Returns a copy of DeviceBuffer.

Returns:

A deep copy of existing DeviceBuffer

Examples

>>> import rmm
>>> db = rmm.DeviceBuffer.to_device(b"abc")
>>> db_copy = db.copy()
>>> db.copy_to_host()
array([97, 98, 99], dtype=uint8)
>>> db_copy.copy_to_host()
array([97, 98, 99], dtype=uint8)
>>> assert db is not db_copy
>>> assert db.ptr != db_copy.ptr

copy_from_device(self, cuda_ary, Stream stream=DEFAULT_STREAM)

Copy from a buffer on host to self

Parameters:

cuda_aryobject to copy from that has __cuda_array_interface__
streamCUDA stream to use for copying, default the default stream

Examples

>>> import rmm
>>> db = rmm.DeviceBuffer(size=5)
>>> db2 = rmm.DeviceBuffer.to_device(b"abc")
>>> db.copy_from_device(db2)
>>> hb = db.copy_to_host()
>>> print(hb)
array([97, 98, 99,  0,  0], dtype=uint8)

copy_from_host(self, ary, Stream stream=DEFAULT_STREAM)

Copy from a buffer on host to self

Parameters:

arybytes-like buffer to copy from
streamCUDA stream to use for copying, default the default stream

Examples

>>> import rmm
>>> db = rmm.DeviceBuffer(size=10)
>>> hb = b"abcdef"
>>> db.copy_from_host(hb)
>>> hb = db.copy_to_host()
>>> print(hb)
array([97, 98, 99,  0,  0,  0,  0,  0,  0,  0], dtype=uint8)

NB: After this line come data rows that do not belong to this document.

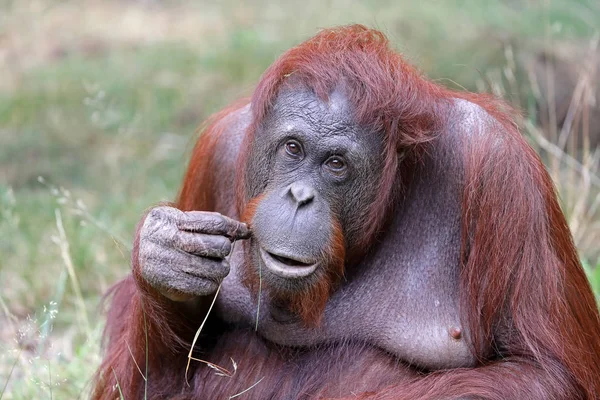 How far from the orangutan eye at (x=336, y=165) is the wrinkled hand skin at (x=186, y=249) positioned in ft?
1.08

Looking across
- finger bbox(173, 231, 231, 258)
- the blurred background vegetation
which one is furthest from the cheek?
the blurred background vegetation

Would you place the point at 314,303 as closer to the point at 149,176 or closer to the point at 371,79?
the point at 371,79

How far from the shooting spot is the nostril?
2885 mm

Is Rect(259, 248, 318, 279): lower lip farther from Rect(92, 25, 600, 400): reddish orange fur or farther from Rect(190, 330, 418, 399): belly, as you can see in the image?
Rect(190, 330, 418, 399): belly

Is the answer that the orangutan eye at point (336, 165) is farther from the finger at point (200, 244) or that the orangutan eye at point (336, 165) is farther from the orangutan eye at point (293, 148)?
the finger at point (200, 244)

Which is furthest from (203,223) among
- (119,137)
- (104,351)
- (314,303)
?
(119,137)

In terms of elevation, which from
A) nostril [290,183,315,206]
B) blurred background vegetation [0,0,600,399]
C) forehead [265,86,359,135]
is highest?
forehead [265,86,359,135]

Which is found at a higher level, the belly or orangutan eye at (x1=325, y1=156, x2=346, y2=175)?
orangutan eye at (x1=325, y1=156, x2=346, y2=175)

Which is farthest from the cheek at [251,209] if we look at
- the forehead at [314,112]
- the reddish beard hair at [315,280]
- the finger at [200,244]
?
the forehead at [314,112]

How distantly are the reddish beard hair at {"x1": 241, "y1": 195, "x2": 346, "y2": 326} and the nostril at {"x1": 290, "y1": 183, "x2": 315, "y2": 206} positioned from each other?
11cm

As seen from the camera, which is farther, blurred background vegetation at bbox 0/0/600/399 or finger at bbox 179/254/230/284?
blurred background vegetation at bbox 0/0/600/399

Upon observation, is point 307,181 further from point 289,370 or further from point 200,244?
point 289,370

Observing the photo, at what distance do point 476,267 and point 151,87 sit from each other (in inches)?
203

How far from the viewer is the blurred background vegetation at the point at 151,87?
5.59m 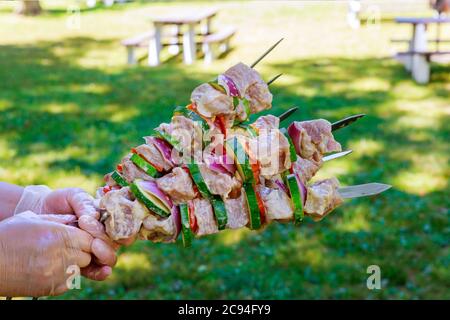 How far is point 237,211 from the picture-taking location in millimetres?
1810

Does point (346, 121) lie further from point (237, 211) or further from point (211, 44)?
point (211, 44)

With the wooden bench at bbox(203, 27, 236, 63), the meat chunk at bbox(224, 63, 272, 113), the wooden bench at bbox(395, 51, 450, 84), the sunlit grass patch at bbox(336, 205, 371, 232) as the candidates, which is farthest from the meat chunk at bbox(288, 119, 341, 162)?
the wooden bench at bbox(203, 27, 236, 63)

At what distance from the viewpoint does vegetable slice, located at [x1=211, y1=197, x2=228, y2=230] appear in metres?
1.78

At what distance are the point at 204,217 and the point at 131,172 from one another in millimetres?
232

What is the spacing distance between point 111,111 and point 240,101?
5418mm

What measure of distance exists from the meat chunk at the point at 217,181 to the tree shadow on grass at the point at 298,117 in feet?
6.86

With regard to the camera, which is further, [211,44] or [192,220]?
[211,44]

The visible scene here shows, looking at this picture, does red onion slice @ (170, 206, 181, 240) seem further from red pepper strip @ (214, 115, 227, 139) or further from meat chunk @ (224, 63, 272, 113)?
meat chunk @ (224, 63, 272, 113)

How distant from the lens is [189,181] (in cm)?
178

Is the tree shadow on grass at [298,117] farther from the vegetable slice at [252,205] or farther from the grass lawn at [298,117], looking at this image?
the vegetable slice at [252,205]

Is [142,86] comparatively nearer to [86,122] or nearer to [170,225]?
[86,122]

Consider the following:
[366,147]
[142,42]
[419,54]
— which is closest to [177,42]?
[142,42]

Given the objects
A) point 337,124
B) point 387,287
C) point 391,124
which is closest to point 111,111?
point 391,124

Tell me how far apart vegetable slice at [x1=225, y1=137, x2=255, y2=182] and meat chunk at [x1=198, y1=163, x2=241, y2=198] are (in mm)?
37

copy_to_host(self, ary=None, Stream stream=DEFAULT_STREAM)

Copy from a DeviceBuffer to a buffer on host.

Parameters:

arybytes-like buffer to write into
streamCUDA stream to use for copying, default the default stream

Examples

>>> import rmm
>>> db = rmm.DeviceBuffer.to_device(b"abc")
>>> hb = bytearray(db.nbytes)
>>> db.copy_to_host(hb)
>>> print(hb)
bytearray(b'abc')
>>> hb = db.copy_to_host()
>>> print(hb)
bytearray(b'abc')

nbytes: Gets the size of the buffer in bytes.

prefetch(self, device=None, stream=None)

Prefetch buffer data to the specified device on the specified stream.

Assumes the storage for this DeviceBuffer is CUDA managed memory (unified memory). If it is not, this function is a no-op.

Parameters:

deviceoptional: The CUDA device to which to prefetch the memory for this buffer. Defaults to the current CUDA device. To prefetch to the CPU, pass cudaCpuDeviceId as the device.
streamoptional: CUDA stream to use for prefetching. Defaults to self.stream

ptr: Gets a pointer to the underlying data.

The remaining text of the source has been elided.